Kisah di dalam novel sebenarnya sederhana saja. Seperti di filmnya yang sudah saya jelaskan di awal, Peter Parker sedang mengalami kondisi finansial yang kurang menguntungkan. Aktivitasnya menjadi Spider-Man membuatnya jadi sulit untuk berkonsentrasi menjalani kehidupan seperti biasanya sebagai mahasiswa. Selain itu, biaya untuk dirinya supaya terus berada di universitas berasal dari beasiswa yang ia dapatkan karena ia mahasiswa berprestasi. Menyadari bahwa ia membutuhkan upah tambahan, ia bekerja sebagai fotografer freelance di The Daily Bugle. Pekerjaannya adalah mendapatkan foto candid Spider-Man yang bagus ketika beraksi melawan musuhnya. Dengan begitu, ia pun memanfaatkan identitas tersembunyinya itu untuk mendapatkan foto-foto keren. Tapi sayangnya, ketika Peter sedang mengambil foto dirinya, hal itu malah membawanya kepada masalah. Masalah tersebut berupa batu misterius yang sangat diinginkan oleh Kingpin—yang nama sebenarnya adalah Wilson Fisk—serta musuhnya yang lain bernama Silvermane.

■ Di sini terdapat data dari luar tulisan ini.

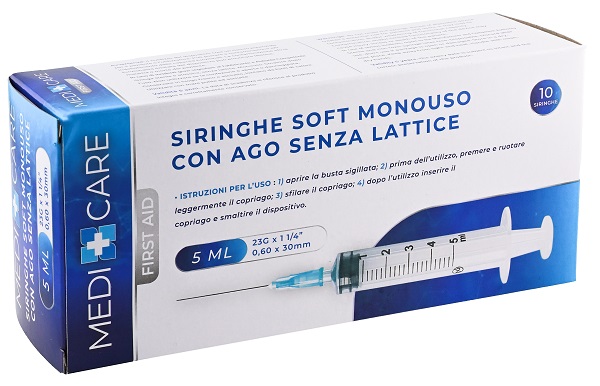 SIRINGA SOFT CAPACITA' 5ML AGO GAUGE 23 CONFEZIONE 10 PEZZI GAMMADIS - Farma Nice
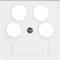 A white front plate with four round recesses and a screw in the centre. Beneath the circles is a rectangular cut-out.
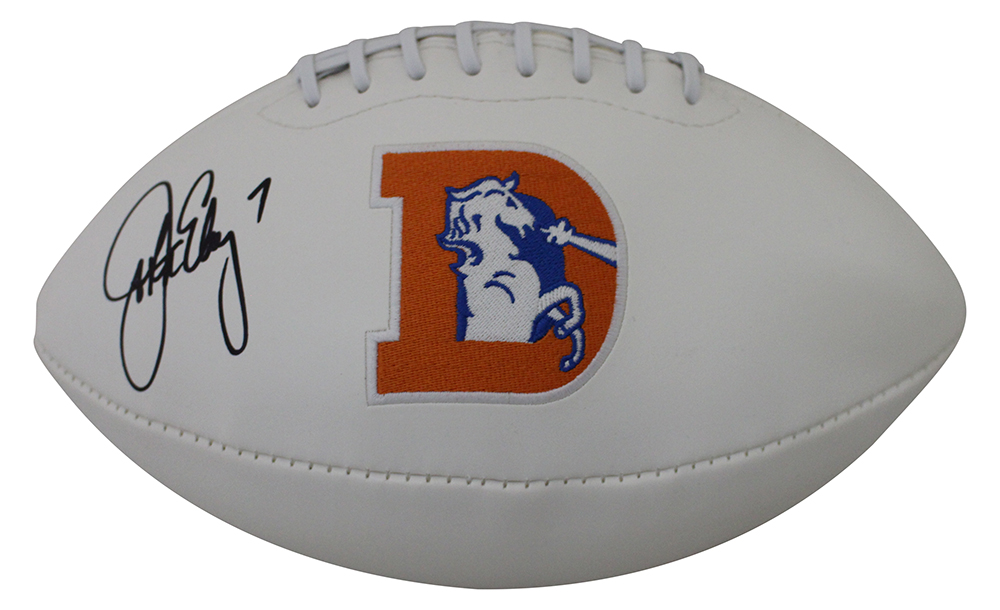 John Elway Autographed/Signed Denver Broncos D Logo Football BAS 25322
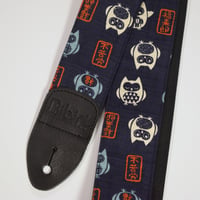 帆布ギターストラップ【ふくろう　紺】和柄 | Handmade Japanese Guitar Strap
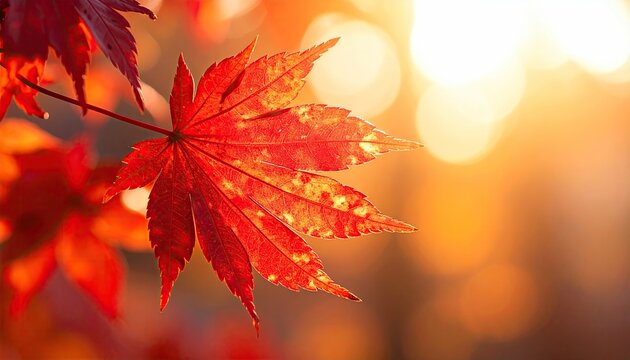Close up of a bright red maple leaf with sunlight shining through it at sunset with bokeh background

Ketika para mahasiswa sedang berdemonstrasi menentang kebijakan petinggi kampus, Kingpin menyerang ruangan eksibisi kampus di mana batu misterius itu ditampilkan. Secara membabi buta, ia bersama anak buahnya menghancurkan tembok dan apa saja yang ada di sana supaya bisa mendapatkan batu itu. Tak dapat dihindari, beberapa mahasiswa pun terkena kebrutalannya. Tentu saja, karena kejadiannya berada di tempat Peter Parker berkuliah, ia pun segera mengganti kostum menjadi Spider-Man dan berusaha menghentikan keonaran Kingpin.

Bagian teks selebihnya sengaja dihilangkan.